Not long after, in the run-up to the Iraq war, British diplomats in Tehran negotiated Tehran's goodwill in exchange for British and allied bombing of the PMOI camps in Iraq despite the group's neutrality in the war. .
But as they say "there is no such thing as a free lunch." No doubt the British have followed a policy of appeasement for commercial gain and now they are paying the bill. The Iranian regime, a major facilitator of the Iraq war and its main beneficiary is playing for keeps.
The US Administration has finally realized past mistakes and has vowed to disrupt Iranian agents and networks in Iraq. In the last few months, several Revolutionary Guards Corps' Qods Force generals and commanders were captured red-handed in Iraq. The Iranian regime, reeling from the blow, first struck in Karbala where its agents kidnapped five US servicemen in a highly sophisticated operation that went awry. The plan was to abduct and take the servicemen to Iran to be used as bargaining chips to force US forces to return the Qods operatives.
Having failed in their goal, the Iranian revolutionary guards now zoomed in on the coalition's weak link which happened to be the British. For weeks they planned to take British marines and finally ambushed them last week.

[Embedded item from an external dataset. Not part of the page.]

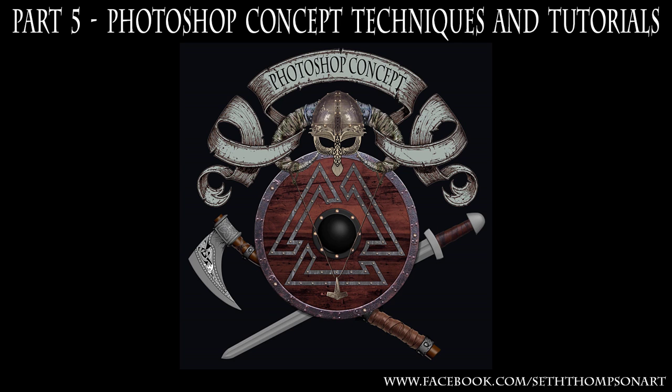Now I'd like to show you step-by-step some of the techniques and tools that I use within Adobe Photoshop in order to create this concept.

The Iranian regime knew the British would not be able to react robustly because they have a vested interest in relations with the mullahs. So they have begun a familiar cycle of their own version of a "carrots and sticks" policy of coaxing the British to back down and apologize for their "arrogant" behavior. And what happens if the British don't do as the Iranians want? Well, they will tighten the screws bit by bit by staging demonstrations at the British embassy and threatening to take over the "den of spies," perhaps expel British diplomats, launch attacks in Iraq, and make the British say sorry. All the while they are racking in billions of dollars of profits from the spike in oil prices.

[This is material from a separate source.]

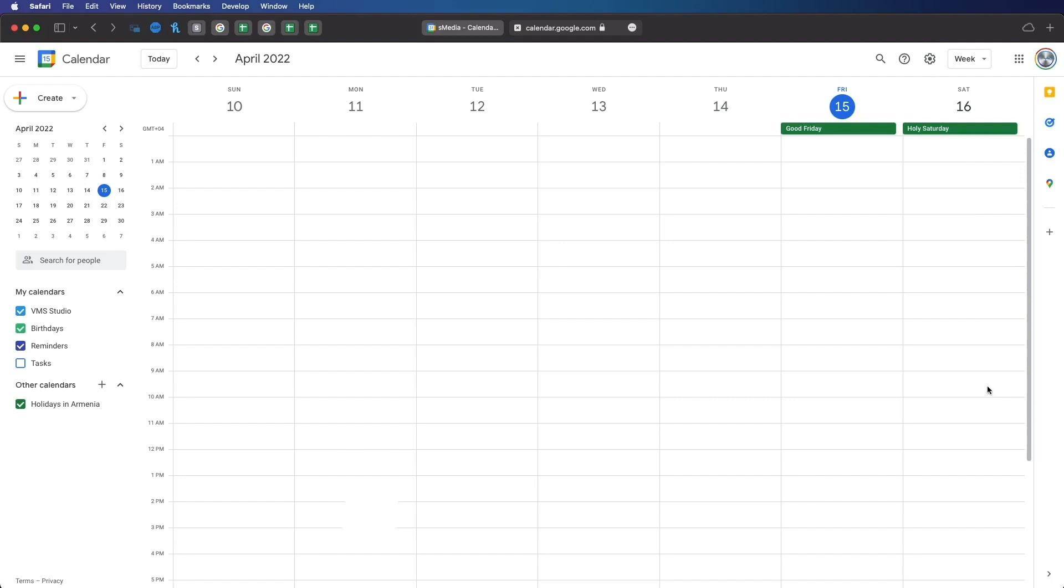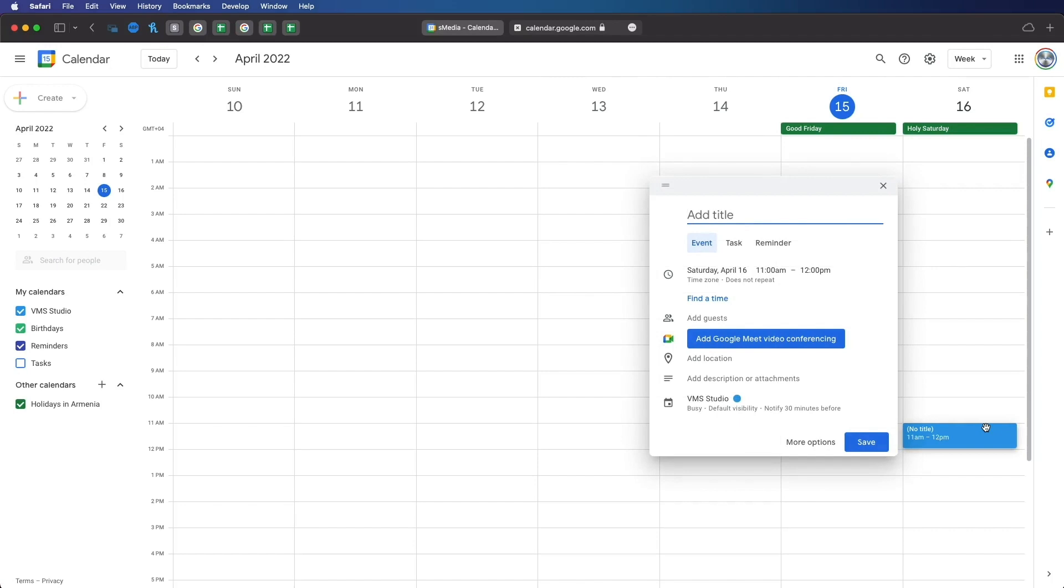To invite a person to a calendar event, simply go to your Google Calendar. Click on an empty space to create your event. Fill in the name and details.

Unfortunately, the British foreign secretary Margaret Beckett is already sounding conciliatory. "The message I want to send is I think everyone regrets that this position has arisen. What we want is a way out of it," she told the BBC the other night. Another government minister, Douglas Alexander, said Britain was engaged in "exploring the potential for dialogue with the Iranians."
"In Middle Eastern warfare," retired US Army Lt. Col. Ralph Peters wrote in the New York Post, "a classic tactic has been to retreat in the face of strength, but to attack when your enemy withdraws or shows signs of weakness." Surely the regime smells blood and will laugh at so much lack of will.
Prime Minister Tony Blair should not fool himself. It is not he who will tighten screws here but the Iranian regime, unless of course the Prime Minister decides to change the rules of the game and act responsibly to put the Iranian regime out in the cold once again. The British government can do so by de-proscribing the regime's main opposition and stop hampering the process of internal regime change in Iran. The proscription of the PMOI was wrong in the first place and part of the same appeasement policy that has earned Britain the disastrous situation it is in now.
The British government should respect the ruling by the European Court of First Instance and annul the PMOI's proscription because it will put Tehran on notice that times have changed. The only firm language Tehran understands is how the British treat its main opposition, and this by the way is also the only way to set Britain free from blackmail by the Iranian regime as I have written before.